Dala's GPU render pipeline provides a CPU-side framebuffer that is uploaded to the GPU each frame and rendered as a fullscreen quad. This guide covers the complete GPU rendering architecture, from Elixir API to Rust render thread.
Architecture
Elixir (Dala.Gpu)
↓ 1. Encode commands to binary (Dala.Gpu.Command)
↓ 2. Submit via NIF (Dala.Gpu.Native.surface_command/2)
↓
Rust NIF (dala_gpu)
↓ 3. Decode binary to RenderCommand
↓ 4. Send to render thread via channel
↓
Render Thread (dedicated)
↓ 5. Apply commands to back framebuffer
↓ 6. On Present: swap buffers, upload texture, render quad
↓
GPU Backend (Renderer trait)
↓ 7. Metal (iOS) / OpenGL ES (Android) / Stub (testing)
↓
GPU Texture → Fullscreen Quad → DisplaySurface Lifecycle
# Create a GPU surface (spawns GenServer + Rust render thread)
{:ok, surface} = Dala.Gpu.create_surface(1920, 1080)
# Issue render commands (async, queued)
Dala.Gpu.clear(surface, :transparent)
Dala.Gpu.fill_rect(surface, 10, 10, 100, 100, :red)

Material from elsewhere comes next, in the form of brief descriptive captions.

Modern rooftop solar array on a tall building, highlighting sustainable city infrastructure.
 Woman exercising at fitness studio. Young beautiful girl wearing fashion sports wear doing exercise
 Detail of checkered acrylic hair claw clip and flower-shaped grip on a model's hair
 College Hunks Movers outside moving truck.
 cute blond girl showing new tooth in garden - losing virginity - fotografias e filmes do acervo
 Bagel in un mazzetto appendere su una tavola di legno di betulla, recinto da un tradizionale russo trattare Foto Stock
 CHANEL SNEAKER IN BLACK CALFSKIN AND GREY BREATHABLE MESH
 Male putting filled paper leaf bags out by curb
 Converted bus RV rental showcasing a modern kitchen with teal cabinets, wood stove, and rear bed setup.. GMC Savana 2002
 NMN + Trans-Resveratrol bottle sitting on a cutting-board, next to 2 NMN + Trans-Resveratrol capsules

Dala.Gpu.present(surface) # flush queue, swap buffers, upload to GPU
# Cleanup
Dala.Gpu.destroy_surface(surface)Each surface owns a GpuSurface GenServer (Elixir side), a GpuRenderer with dedicated render thread (Rust side), double-buffered CPU framebuffers, and a GPU backend.
Command Queue
Render commands are encoded to a compact binary protocol and submitted asynchronously. The Rust render thread processes them on a dedicated thread, never blocking the BEAM.
Basic Primitives
# Clear
Dala.Gpu.clear(surface, :black)
Dala.Gpu.clear(surface, {255, 0, 0, 128}) # RGBA tuple
# Rectangle
Dala.Gpu.fill_rect(surface, x, y, w, h, :red)
# Line (Bresenham's algorithm)
Dala.Gpu.draw_line(surface, x1, y1, x2, y2, :white)
# Circle outline (midpoint circle algorithm)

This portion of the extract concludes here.